Data shown:
++++++++++

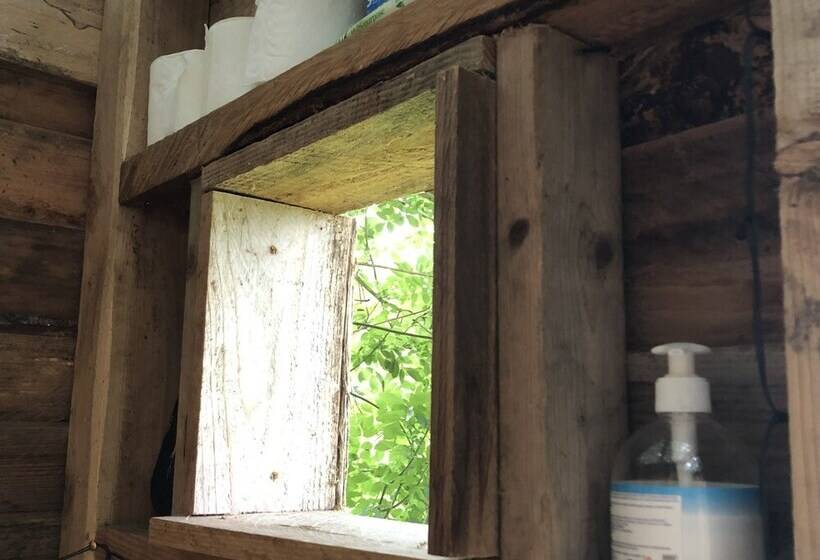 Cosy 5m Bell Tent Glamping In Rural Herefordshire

++++++++++

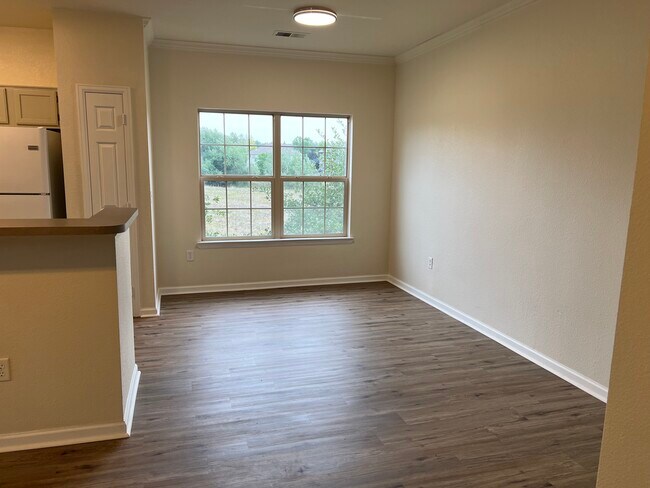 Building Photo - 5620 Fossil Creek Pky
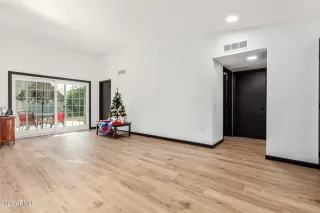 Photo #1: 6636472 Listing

++++++++++

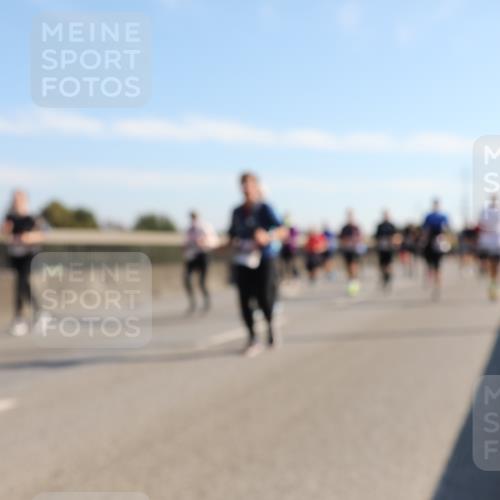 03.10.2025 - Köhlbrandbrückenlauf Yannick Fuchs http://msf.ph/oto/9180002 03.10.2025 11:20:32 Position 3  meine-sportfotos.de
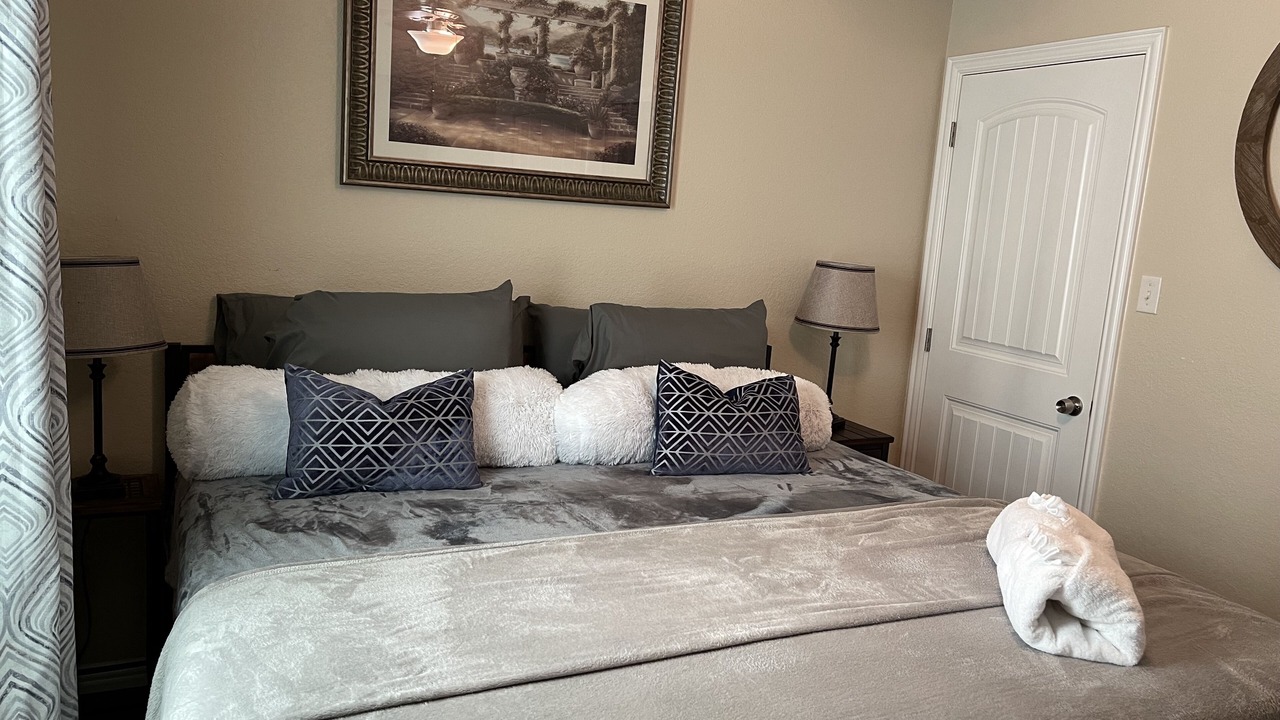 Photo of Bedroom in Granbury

++++++++++

Starting with the line that has "Building Photo - 5620 Fossil Creek Pky" and going on through the line that has "Photo #1: 6636472 Listing", transcribe the records above exactly, but skip the pictures.

 Building Photo - 5620 Fossil Creek Pky
 Photo #1: 6636472 Listing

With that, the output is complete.